By Tim Graham ~
The new July 11 edition of People magazine set a side a page for “The Man Behind Brexit,” former London mayor Boris Johnson, the “Donald Trump doppelganger.” The photo makes Boris look like a boozy bumpkin (or Trumpkin).
According to People writer Simon Perry, his Trumpesque tactic is fear-mongering: “Johnson, 52, shares more than just a hairstyle with America’s presumptive Republican nominee. Like Trump he stokes nationalist sentiment and fear of open immigration.”
Like Trump, “he’s angling to run things” as Prime Minister. (Since the magazine’s press time, he withdrew from the race on Thursday.)
“He wants the very, very top job,” says biographer Sonia Purnell. Johnson has always been more calculating and striving than his rumpled exterior suggests. Born in New York to English parents — a Conservative pol father and a painter mother — he went to Eton and studied classics at Oxford. It was as a Brussels-based journalist that he began mocking the EU — with its open borders and free trade — arguing later as a member of Parliament that Britain should puts Brits first.
This means he’s striking a pose when he advocates for the common man. Some people call that a politician. This is terrific when you’re a socialist like a Roosevelt or a Rockefeller, but when you’re conservative, it’s cynical and calculating. Having intellectual capabilities is seen as something you have to hide for the “working class.” The article concluded with a metaphor of Boris as glass-breaking political vandal:
The father of four with second wife Marina Wheeler crafted a colorful man-of-the-people image — from pedaling a bike around town (rentals were called Boris Bikes) to leading a gay-pride march in a pink Stetson.
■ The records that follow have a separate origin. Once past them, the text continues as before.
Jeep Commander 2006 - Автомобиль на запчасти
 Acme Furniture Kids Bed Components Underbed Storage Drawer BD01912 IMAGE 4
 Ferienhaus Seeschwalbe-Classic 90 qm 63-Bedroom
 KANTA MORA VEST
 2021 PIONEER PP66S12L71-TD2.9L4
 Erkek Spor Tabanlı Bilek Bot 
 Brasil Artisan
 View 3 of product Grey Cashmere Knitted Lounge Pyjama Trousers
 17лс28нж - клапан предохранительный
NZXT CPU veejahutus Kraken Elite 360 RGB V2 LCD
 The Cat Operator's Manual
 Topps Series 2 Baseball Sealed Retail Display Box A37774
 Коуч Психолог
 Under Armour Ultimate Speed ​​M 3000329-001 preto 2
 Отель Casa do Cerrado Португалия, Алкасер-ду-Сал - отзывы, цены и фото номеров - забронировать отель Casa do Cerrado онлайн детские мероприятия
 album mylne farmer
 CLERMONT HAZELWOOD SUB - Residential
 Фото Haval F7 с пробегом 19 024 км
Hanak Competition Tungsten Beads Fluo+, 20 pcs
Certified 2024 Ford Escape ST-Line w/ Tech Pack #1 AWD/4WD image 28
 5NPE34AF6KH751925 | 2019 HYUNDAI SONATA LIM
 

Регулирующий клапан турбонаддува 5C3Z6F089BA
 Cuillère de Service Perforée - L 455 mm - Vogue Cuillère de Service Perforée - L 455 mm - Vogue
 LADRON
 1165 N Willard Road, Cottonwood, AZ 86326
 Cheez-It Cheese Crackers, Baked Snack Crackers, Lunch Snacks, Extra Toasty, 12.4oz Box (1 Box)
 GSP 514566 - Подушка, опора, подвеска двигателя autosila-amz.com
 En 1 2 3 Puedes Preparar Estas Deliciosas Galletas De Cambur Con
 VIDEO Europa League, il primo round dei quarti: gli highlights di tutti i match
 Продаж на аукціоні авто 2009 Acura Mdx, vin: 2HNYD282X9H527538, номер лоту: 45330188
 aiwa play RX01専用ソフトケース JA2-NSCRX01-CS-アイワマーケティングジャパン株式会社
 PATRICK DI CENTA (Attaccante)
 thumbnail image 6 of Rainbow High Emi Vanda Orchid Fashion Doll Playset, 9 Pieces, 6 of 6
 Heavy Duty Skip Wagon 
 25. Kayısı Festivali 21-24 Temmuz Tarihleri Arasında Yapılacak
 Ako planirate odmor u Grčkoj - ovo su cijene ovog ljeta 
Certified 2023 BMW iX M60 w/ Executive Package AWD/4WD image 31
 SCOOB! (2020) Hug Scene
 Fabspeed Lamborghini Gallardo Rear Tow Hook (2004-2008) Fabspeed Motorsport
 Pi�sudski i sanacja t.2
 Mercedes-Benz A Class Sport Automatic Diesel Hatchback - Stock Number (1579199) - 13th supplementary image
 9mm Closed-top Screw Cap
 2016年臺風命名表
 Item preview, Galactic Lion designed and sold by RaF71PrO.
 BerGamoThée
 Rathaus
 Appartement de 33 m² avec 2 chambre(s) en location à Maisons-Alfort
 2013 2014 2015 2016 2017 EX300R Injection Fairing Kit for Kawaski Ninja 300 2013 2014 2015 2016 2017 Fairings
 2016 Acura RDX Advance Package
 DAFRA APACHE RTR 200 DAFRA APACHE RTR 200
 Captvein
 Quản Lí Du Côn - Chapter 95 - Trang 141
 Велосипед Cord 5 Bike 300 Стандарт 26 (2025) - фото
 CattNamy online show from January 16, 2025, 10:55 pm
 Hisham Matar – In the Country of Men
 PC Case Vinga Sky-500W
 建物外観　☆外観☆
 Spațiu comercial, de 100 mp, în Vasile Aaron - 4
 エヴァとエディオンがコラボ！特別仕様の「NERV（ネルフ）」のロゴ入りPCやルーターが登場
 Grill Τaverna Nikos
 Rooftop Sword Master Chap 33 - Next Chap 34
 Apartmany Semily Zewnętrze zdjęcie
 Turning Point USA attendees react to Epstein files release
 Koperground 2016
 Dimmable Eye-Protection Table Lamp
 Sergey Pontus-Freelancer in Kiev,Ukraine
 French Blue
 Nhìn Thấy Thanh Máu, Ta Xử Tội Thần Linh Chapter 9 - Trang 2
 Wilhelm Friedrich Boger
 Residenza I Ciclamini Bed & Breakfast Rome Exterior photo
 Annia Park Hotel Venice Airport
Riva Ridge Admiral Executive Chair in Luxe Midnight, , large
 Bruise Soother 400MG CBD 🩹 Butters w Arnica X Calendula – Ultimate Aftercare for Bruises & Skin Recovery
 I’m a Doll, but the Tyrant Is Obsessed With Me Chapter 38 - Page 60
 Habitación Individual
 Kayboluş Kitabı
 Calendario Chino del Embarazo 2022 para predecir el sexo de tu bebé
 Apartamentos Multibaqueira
Says Purnell: “Boris is from a posh background and can recite Latin tracts, but that can be threatening. So he disguised it with messing up his hair and wearing scruffy suits.”
Whether his embrace of disorder will propel him to greater power is anyone’s guess. “He has said he likes throwing rocks into the greenhouse and seeing the glass shatter,” says Purnell. “That’s happened now — big time.”
That’s not exactly an accurate quote. As New York Times reporter Sarah Lyall presented it in a sneering editorial disguised as a “memo,” he was describing his time in Belgium as a Euro-skeptical journalist: “Everything I wrote from Brussels, I found was sort of chucking these rocks over the garden wall and I listened to this amazing crash from the greenhouse next door over in England as everything I wrote from Brussels was having this amazing, explosive effect on the Tory party, and it really gave me this I suppose rather weird sense of power.”
People implies Purnell is an objective expert they found, even if her quotes give her away. Here’s her new slashing attack in the leftist Guardian newspaper: “Boris Johnson peddled lies, half-truths and evasions. Now he’s paid the price. It’s not surprising Johnson hasn’t entered the race for No 10. But until now he’s covered his tracks with bluster and buffoonery.”